Prior to departure, everyone was properly vaccinated and immunized for hepatitis, typhoid, tetanus, diphtheria, pertussis, and yellow fever. Malaria prophylaxis was provided, in our case Malarone, as all four varieties of malaria exist in West and North Africa. Still, several of the Africans providing services for the expedition had to be treated for malaria during the trip, using a three-day protocol of 4 Malarone tablets taken orally. In every instance, the treatment was successful.

Beginning in Senegal, extremely unhygienic conditions on the starting beach (human excrement and dead animals littered the sand), plus a mid-autumn heat wave that the runners were slow to acknowledge, nearly ended the run before it even began. Multiple film-crew members were treated for heat exhaustion.

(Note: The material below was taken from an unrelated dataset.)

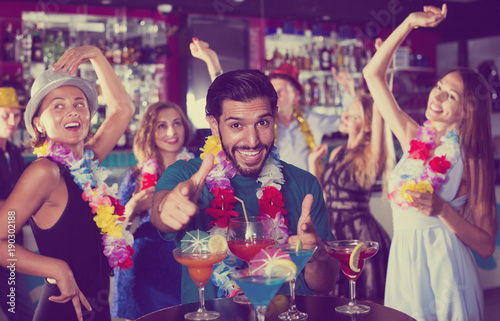 Canvas Print male is having fun on the hawaiian party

In order to protect the runners and the expedition from succumbing to the heat, after the fourth afternoon I issued a medical edict: No running from 11AM to 4PM. My pronouncement resulted in a near-mutiny from the runners. It was on that day that I looked at expedition leader Donovan Webster, and simultaneously we said, “Looks like we’ll be home for Thanksgiving.”

Yet, remarkably, the edict held, and within days the expedition began to find its rhythm. On Day 10 of the trip, the runners notched their first 80 kilometer stretch, following proper acclimatization and a new schedule: wake at 4 AM, eat breakfast, beginning running at 5AM for roughly 50 kilometers, break for lunch and a rest, and finish the day’s run in the late afternoon and evening.

By then, we had entered Mauritania, where I continued to treat heat-related illness, mostly for Kevin Lin of Taiwan, who was not accustomed to these scorching conditions. Eventually, I was forced to provide twice-daily intravenous drips of normal saline over three days to relieve cramping and severe dehydration.